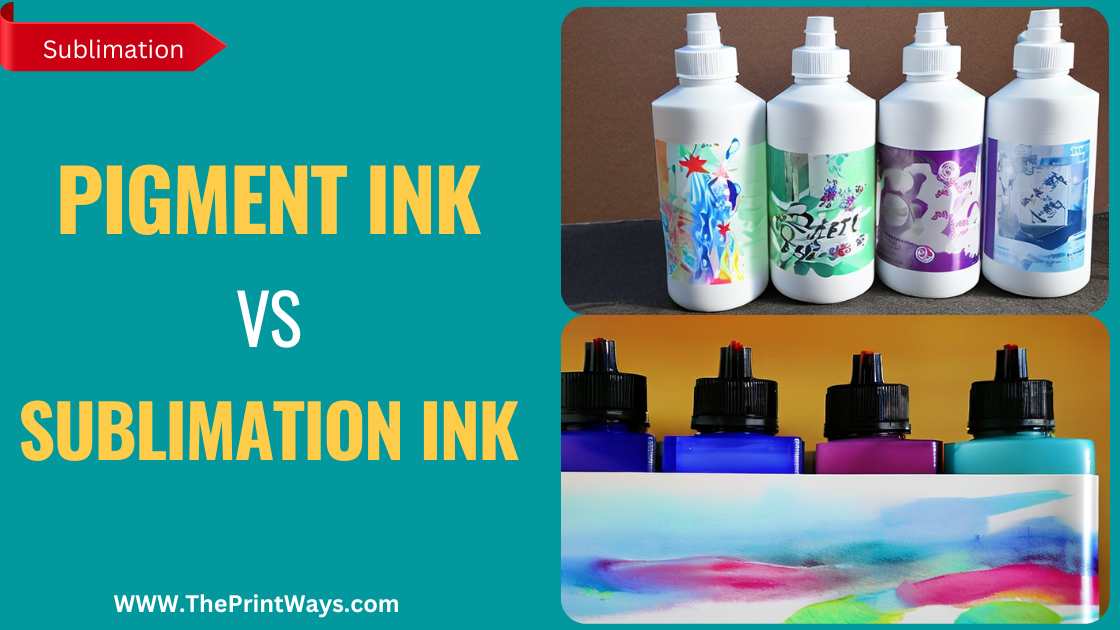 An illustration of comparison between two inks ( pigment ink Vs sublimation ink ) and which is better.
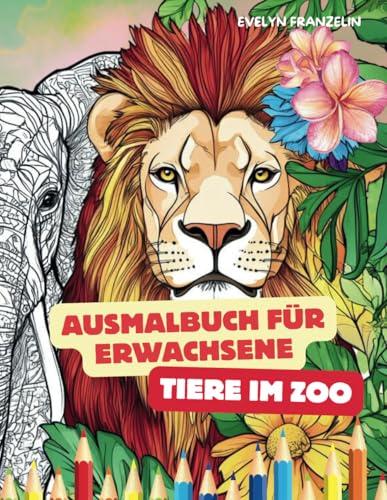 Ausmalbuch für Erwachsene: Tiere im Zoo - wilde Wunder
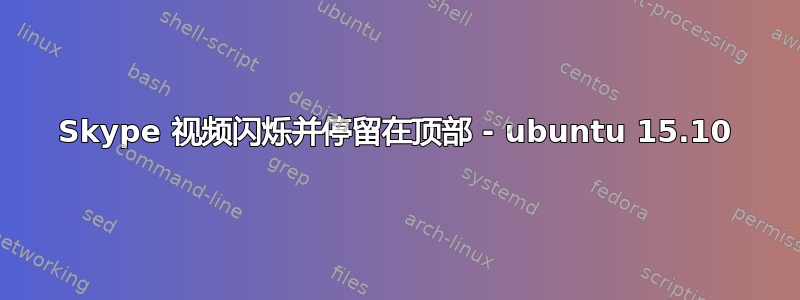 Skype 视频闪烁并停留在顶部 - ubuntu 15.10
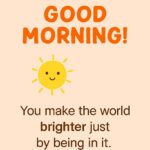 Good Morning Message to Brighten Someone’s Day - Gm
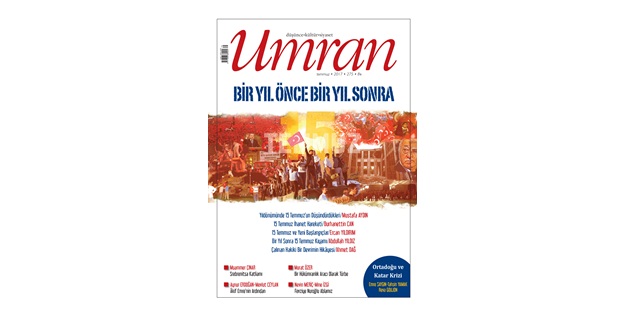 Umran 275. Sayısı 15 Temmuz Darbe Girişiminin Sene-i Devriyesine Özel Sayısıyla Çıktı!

·····

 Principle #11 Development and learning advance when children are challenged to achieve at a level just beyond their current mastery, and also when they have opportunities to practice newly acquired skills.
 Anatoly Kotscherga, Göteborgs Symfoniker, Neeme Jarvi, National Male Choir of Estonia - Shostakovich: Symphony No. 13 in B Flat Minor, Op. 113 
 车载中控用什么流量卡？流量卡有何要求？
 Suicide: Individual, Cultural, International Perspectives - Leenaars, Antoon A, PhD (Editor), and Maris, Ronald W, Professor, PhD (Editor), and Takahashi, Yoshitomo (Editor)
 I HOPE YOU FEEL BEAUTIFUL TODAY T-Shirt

·····

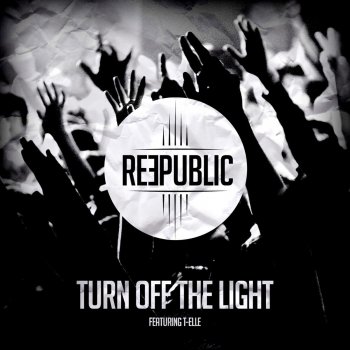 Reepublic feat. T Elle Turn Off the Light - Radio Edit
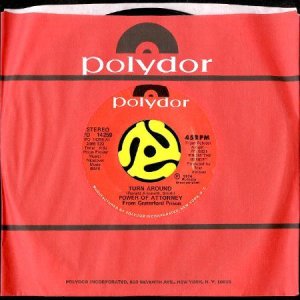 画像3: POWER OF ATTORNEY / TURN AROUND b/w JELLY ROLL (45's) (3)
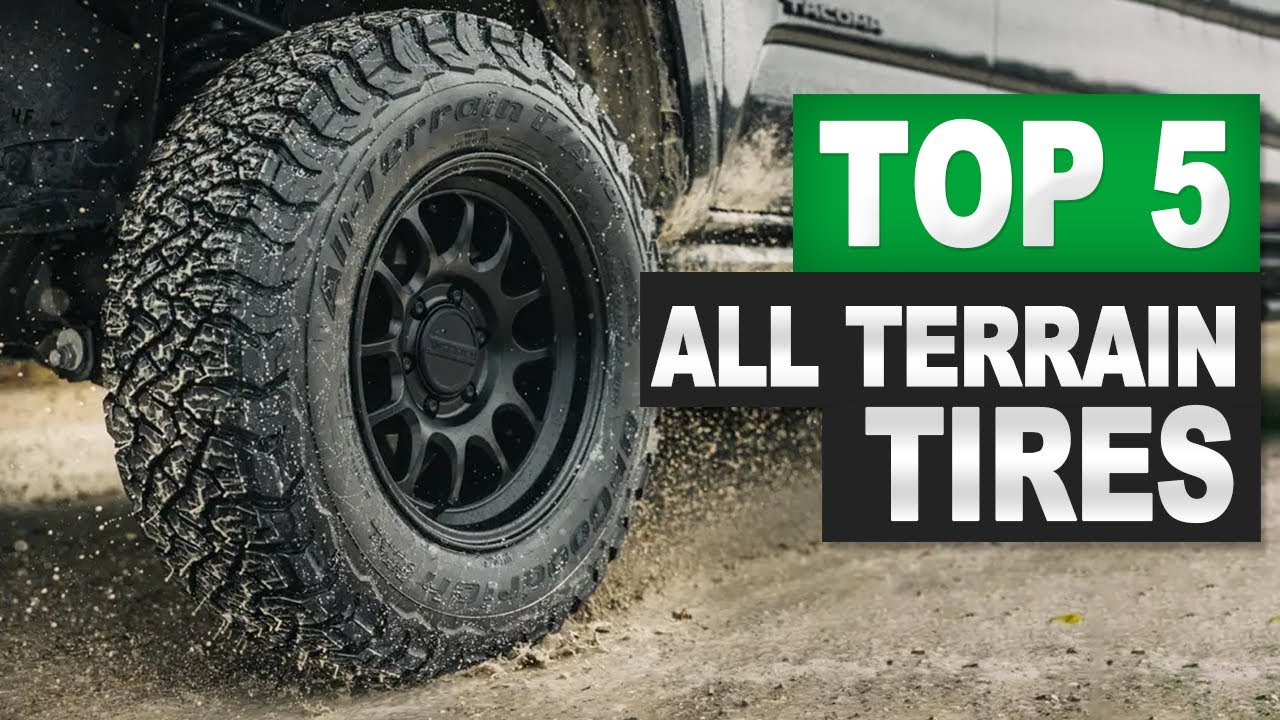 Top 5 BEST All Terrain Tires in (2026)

·····

PROBLEM TO SOLVE
What lines above run from the one with "An illustration of" to the one with "Umran 275. Sayısı"? Give them again exactly, ends included, and leave the pictures out.

SOLUTION FOR THIS TASK
 An illustration of comparison between two inks ( pigment ink Vs sublimation ink ) and which is better.
 Ausmalbuch für Erwachsene: Tiere im Zoo - wilde Wunder
 Skype 视频闪烁并停留在顶部 - ubuntu 15.10
 Good Morning Message to Brighten Someone’s Day - Gm
 Umran 275. Sayısı 15 Temmuz Darbe Girişiminin Sene-i Devriyesine Özel Sayısıyla Çıktı!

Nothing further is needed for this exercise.